I get something like this question all the time. Should I get a computer science degree? Should I do a development boot camp? The general point of the question being, what is the best way to get started working in software development?
Since I'm asked this so often, I thought I would put my answer here on my blog. Also, the answer is relevant for several things I'm doing lately and for where software development is heading these days.
First...
Decide if you want to go to college
If a degree isn't important to you and you want to just start working, go to a bootcamp. All that matters when looking for a programming job is knowing how to code. A bootcamp is a great way into the industry.
If you do want a college degree or if getting an education is important to you – and I can't stress enough that I'm a big believer in higher education – then take the following path.
Start by getting a liberal arts degree
I can't stress this enough given that state of the technology industry. AI is impacting everything. It's probably going to affect coding itself. Routine, work-a-day coding is going to be done with less developers. You know what isn't going to change? Having carefully crafted thoughts about what all this means and how best to write software for human beings.
The best way to understand what it means to be human is not with a computer science degree. It's with a liberal arts degree.
Major in English. History. Political Science. Philosophy. Anything other than computer science.

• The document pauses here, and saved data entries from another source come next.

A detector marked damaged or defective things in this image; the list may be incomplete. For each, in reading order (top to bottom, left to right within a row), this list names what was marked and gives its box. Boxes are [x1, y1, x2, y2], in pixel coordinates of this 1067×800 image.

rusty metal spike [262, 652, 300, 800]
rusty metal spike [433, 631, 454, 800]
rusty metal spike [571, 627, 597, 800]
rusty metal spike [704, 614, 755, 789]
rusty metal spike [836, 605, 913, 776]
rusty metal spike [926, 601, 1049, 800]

While you're in college, working on that liberal arts degree...
Take a couple programming classes
I would focus on the intro to coding style classes. Learn the basics of programming. Then take anything your university offers related to app or web development. Probably 2-3 classes is enough. That's less than a minor.
Then...
Go build something
Programming is something you learn by practice. Build web sites. Build apps. Build a web site for your sports or gaming league. Build your own blog. Write an app for your favorite hobby. Whatever interrests you, find a way to build some software for it.

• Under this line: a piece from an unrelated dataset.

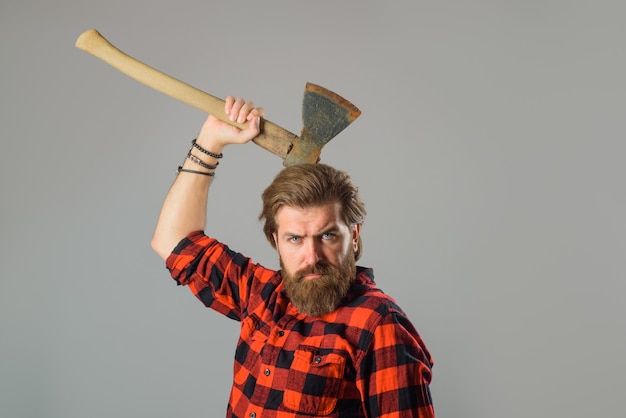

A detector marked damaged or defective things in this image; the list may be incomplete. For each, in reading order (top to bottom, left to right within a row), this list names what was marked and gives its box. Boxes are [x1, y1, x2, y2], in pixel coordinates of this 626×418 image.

old rusty axe [73, 29, 360, 166]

You get better at coding by doing it. Write software. But make it fun.
When all that is done...
Go get a job
Highlight the things you've built on your resume in a portfolio section. Be clear that you have a liberal arts degree because you wanted to study what it means to be human, but now, you're really looking for a programming job.

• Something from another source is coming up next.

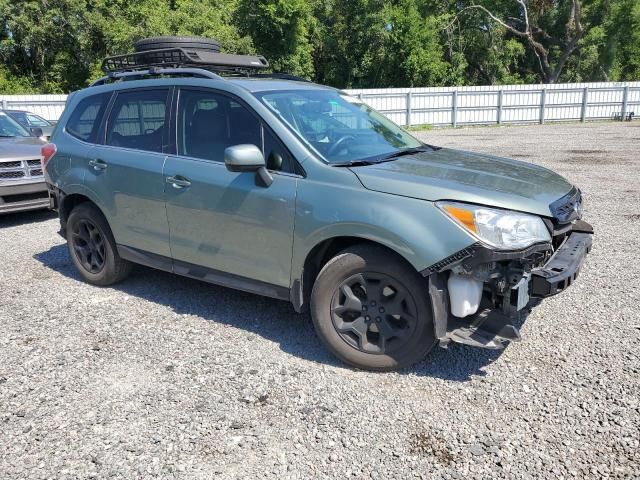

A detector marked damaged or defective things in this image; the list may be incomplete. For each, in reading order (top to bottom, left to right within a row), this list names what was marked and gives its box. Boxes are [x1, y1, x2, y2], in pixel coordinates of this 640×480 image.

cracked headlight [438, 201, 552, 249]
damaged front bumper [424, 220, 596, 348]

Then read books like Cracking the Coding Interview and practice for coding tests at sites like leetcode and Hacker Rank.
Then, profit. Or save your money well. Or go back to grad school part time for advanced study in computer science or the liberal arts. At this point, you've done it. You've made it as a programmer. Now it's up to you what you do with it, but hopefully, you understand that well because you're a programmer with a liberal arts degree.